Movies

Kevin O’Leary Rips Timothée Chalamet Movie for Wasting Millions by Ignoring AI

Kevin O’Leary Rips Timothée Chalamet Movie for Wasting Millions by Ignoring AI
Image credit: Legion-Media

Shark Tank mogul Kevin O’Leary, who appears alongside Timothée Chalamet in A24’s Marty Supreme, says the production burned millions by shunning AI, arguing in a World of Travel interview that smarter tech could have slashed the bill.

I did not have Kevin O'Leary weighing in on background actors on my bingo card, but here we are. The Shark Tank investor shows up alongside Timothee Chalamet in A24's Marty Supreme, and after spending time on set, he says the movie could have saved a pile of cash by swapping human extras for AI.

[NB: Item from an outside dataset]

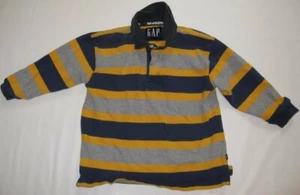 Boys GAP Shirt Blue Gray & Yellow Stripes Striped Size XS 4 Fall Winter - Picture 1 of 3
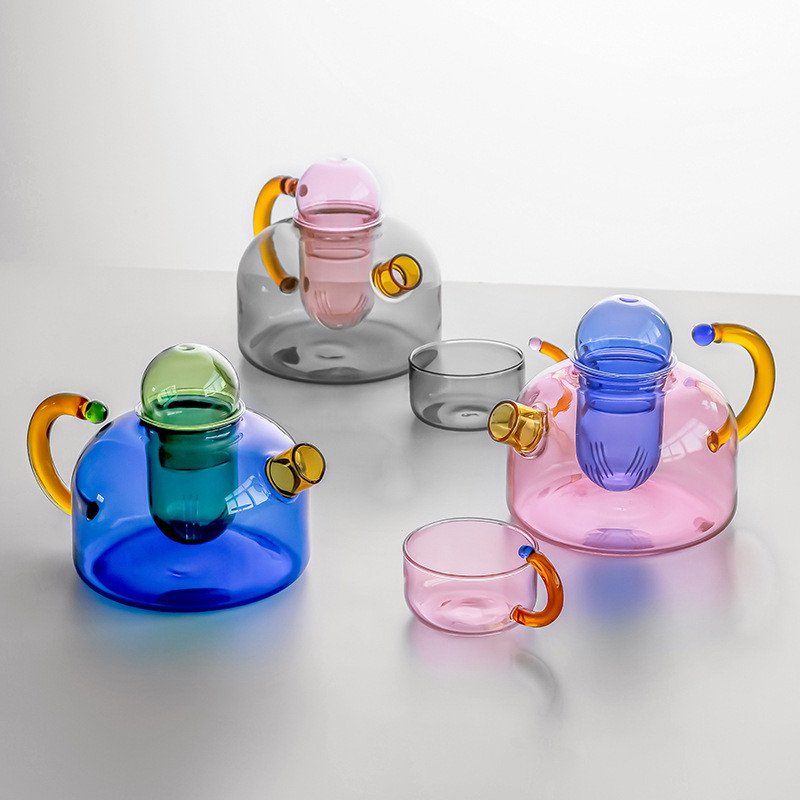colorful glass teapot and teacup set - MRSLM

O'Leary's cost-cutting fix: replace extras with AI

O'Leary talked about his role and his business-first read on the production during a recent interview with World of Travel. He has been pouring money into AI lately and, unsurprisingly, sees it as the answer to expensive set days filled with background performers.

"Almost every scene had as many as 150 extras. Now, those people have to stay awake for 18 hours, be completely dressed in the background. [They’re] not necessarily in the movie, but they’re necessary to be there moving around. And yet, it costs millions of dollars to do that. Why couldn’t you simply just put AI agents in their place? They’re not the main actors. They’re only in the story visually, and it would save millions of dollars, so more movies could be made. That same director, instead of spending $90 million or whatever he spent, could’ve spent $35 million and made two movies."

Couple things to note there. Marty Supreme is estimated at around $70 million, which is reportedly the biggest budget in A24 history, not the $90 million number O'Leary tosses out. And yes, background players are a big, complicated part of how these scenes come to life. O'Leary's take: if they are only there for visual texture, let the algorithms handle it and funnel the savings into making more films.

The AI 'actress' he points to

He also brought up Tilly Norwood, the AI-generated performer who has gotten plenty of pushback since popping up online. O'Leary repeatedly called her 'Tilly Norwell' and held her up as proof of where this is headed: a digital actor who can look any age, never needs a break, and 'works' around the clock. As he put it, that has unions "going out of their minds." His broader point: you cannot stop the tech, and he is investing heavily to ride the wave.

Agree or not, it is a very investor-brain way to look at a film set: treat the crowd as a line item, automate it, and move on. We will see how that argument plays in a business that has been loudly debating AI all year.

Marty Supreme opens in theaters on December 25, 2025.